**DATA BLOCK**:
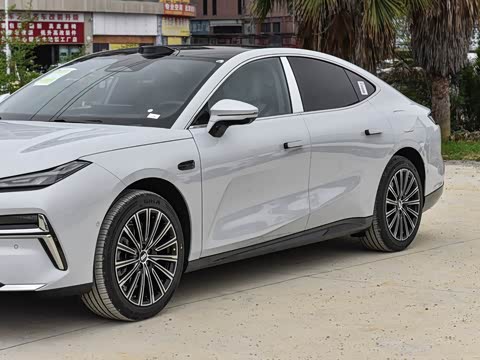 2026�� 225km EM-i Զ�����ǺӰ�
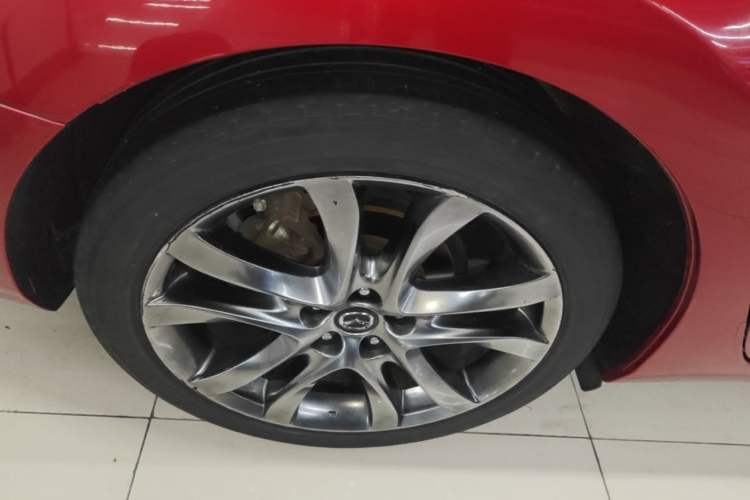 Used Mazda Atenza 2018 2.5L Blue Sky Sport Edition China VI compliant Right Rear Wheel Hub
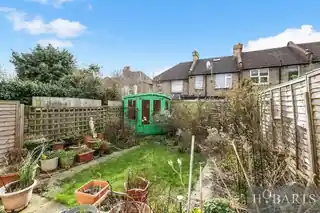 27 Leith Road, photo 3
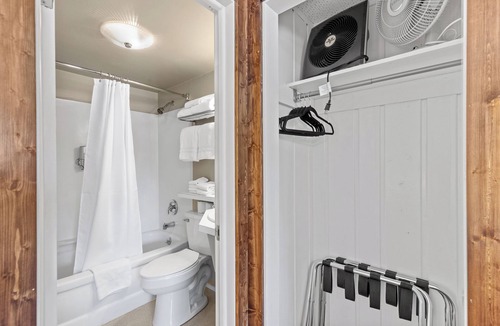West Yellowstone Hotel | Stay at Lazy Duck Inn #20 Double Queens, just 1 minute to Yellowstone!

**DESCRIPTION OF THE TASK**: Where the line containing "Used Mazda Atenza" appears above, start there and set down each line exactly through the last line of the data; leave out every picture.

**WORKED SOLUTION**:
 Used Mazda Atenza 2018 2.5L Blue Sky Sport Edition China VI compliant Right Rear Wheel Hub
 27 Leith Road, photo 3
West Yellowstone Hotel | Stay at Lazy Duck Inn #20 Double Queens, just 1 minute to Yellowstone!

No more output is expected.